- WHAT THE TASK REQUIRES:
Only the lines from the start of the data below through the line that contains "Luxury yacht cruising" are to be copied, exactly and without pictures.

- INFORMATION SHOWN:
---------------

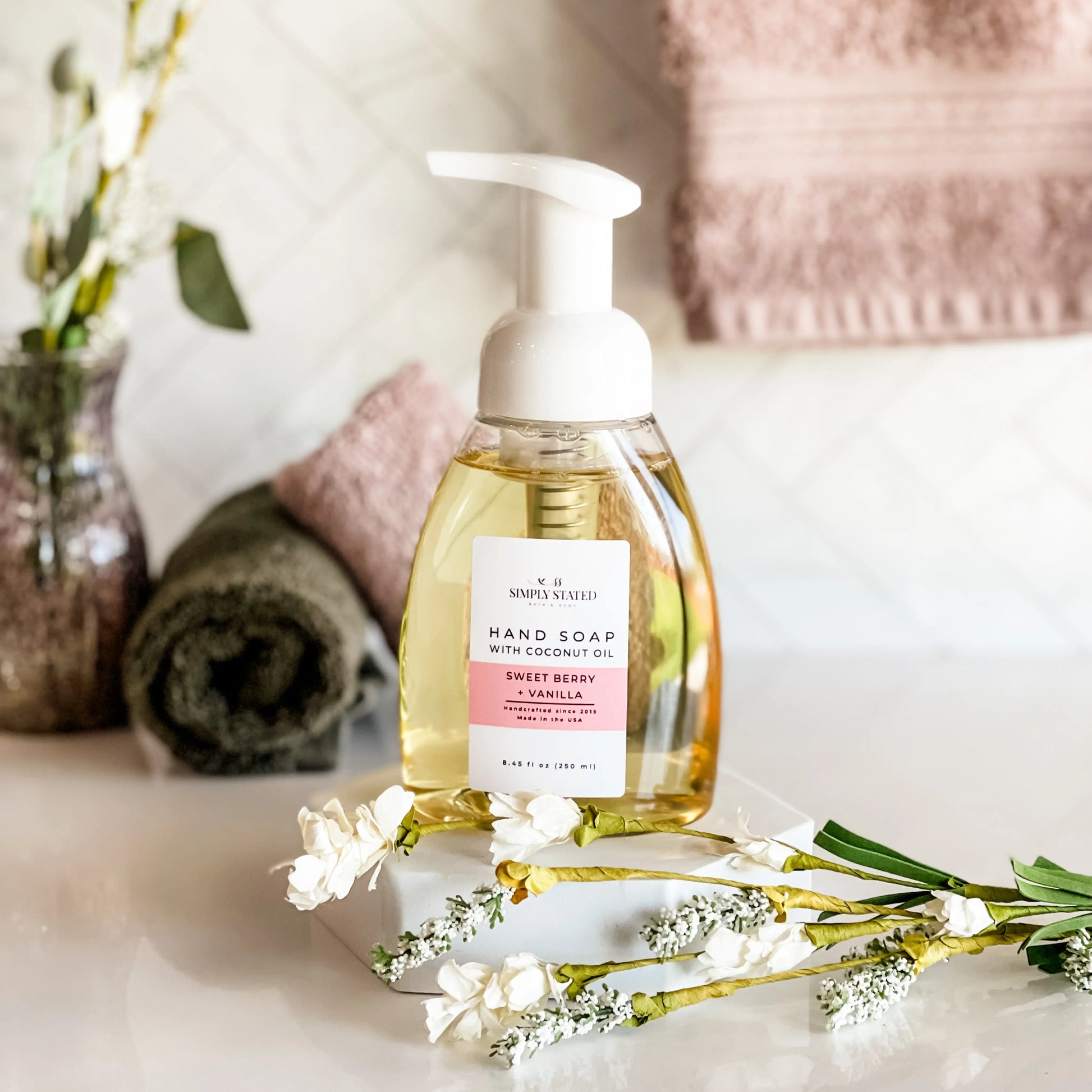 Hand soap bottle with a label on a surface with flowers and towels in the background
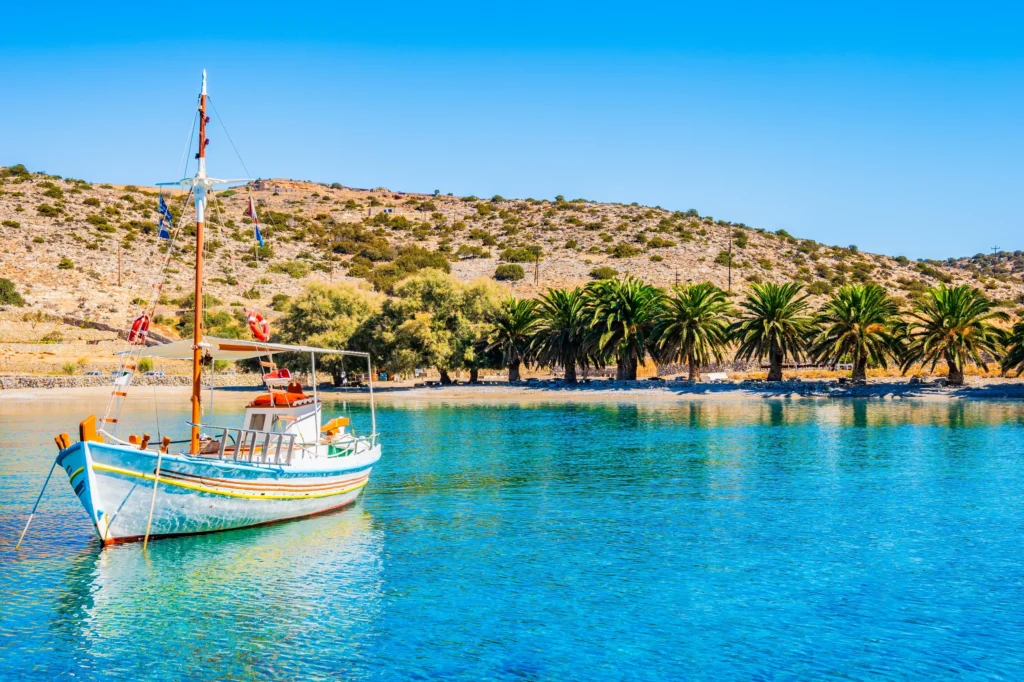 Luxury yacht cruising near Naxos in the Cyclades Islands, Greece, with pristine blue waters, charming coastal landscapes, and ancient ruins in the background
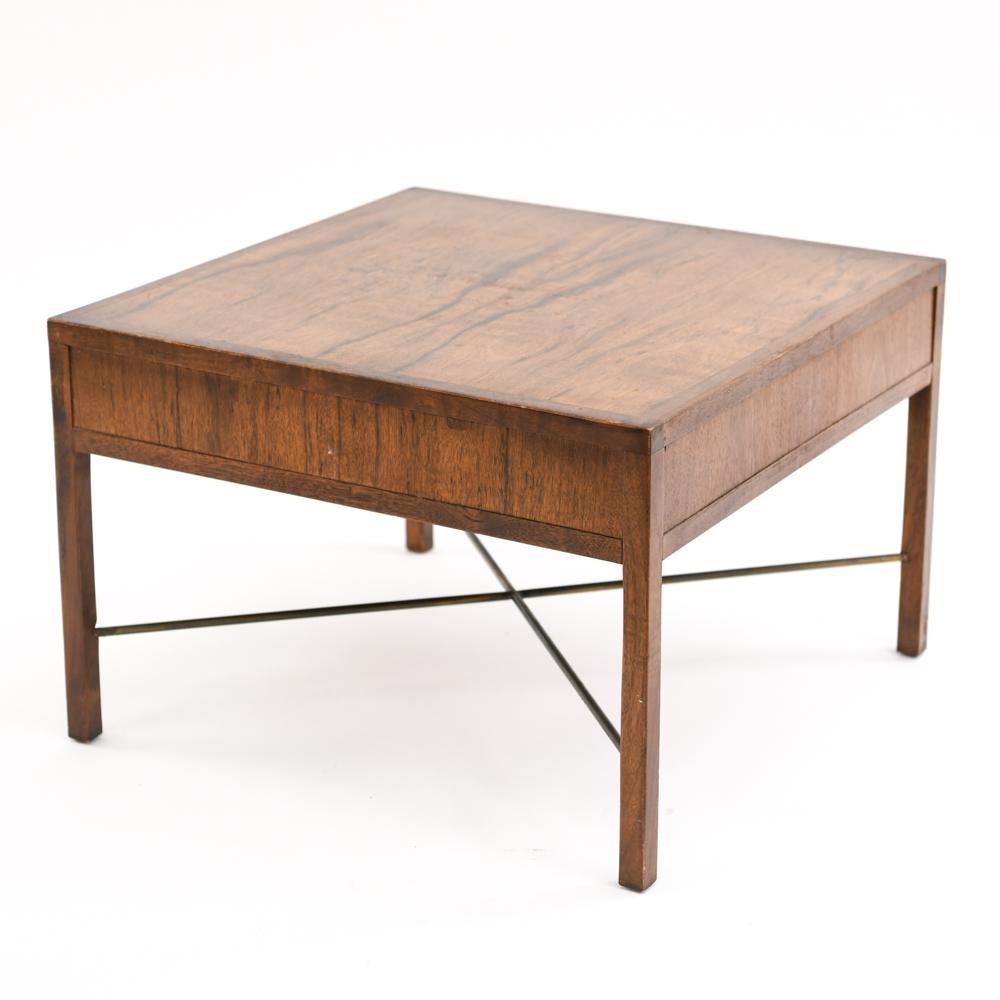 MID-CENTURY ROSEWOOD SIDE TABLE W/ BRASS STRETCHER: Dimensions: H 16" x W 23.75" x D 23.75" Condition: Showing some wear consistent with age and use. Wear to some edges including surface marks.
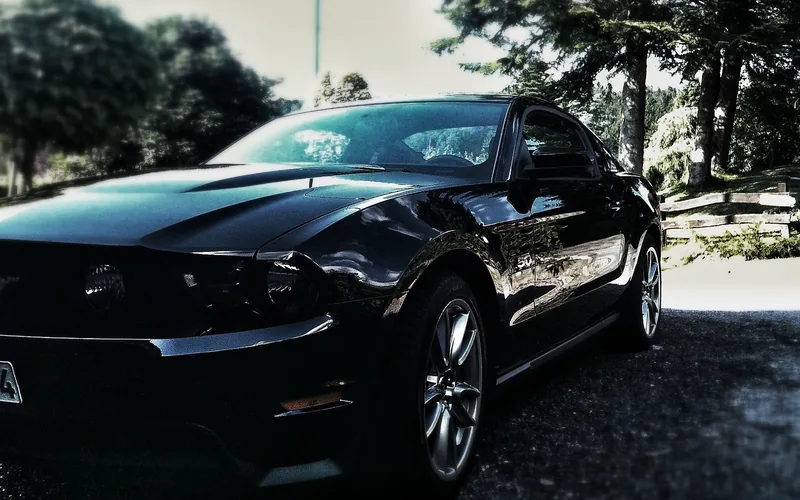 Classic first-generation Ford Mustang fastback in dark paint Classic first-generation Ford Mustang fastback in dark paint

---------------

- SOLUTION FOR THIS EXERCISE:
 Hand soap bottle with a label on a surface with flowers and towels in the background
 Luxury yacht cruising near Naxos in the Cyclades Islands, Greece, with pristine blue waters, charming coastal landscapes, and ancient ruins in the background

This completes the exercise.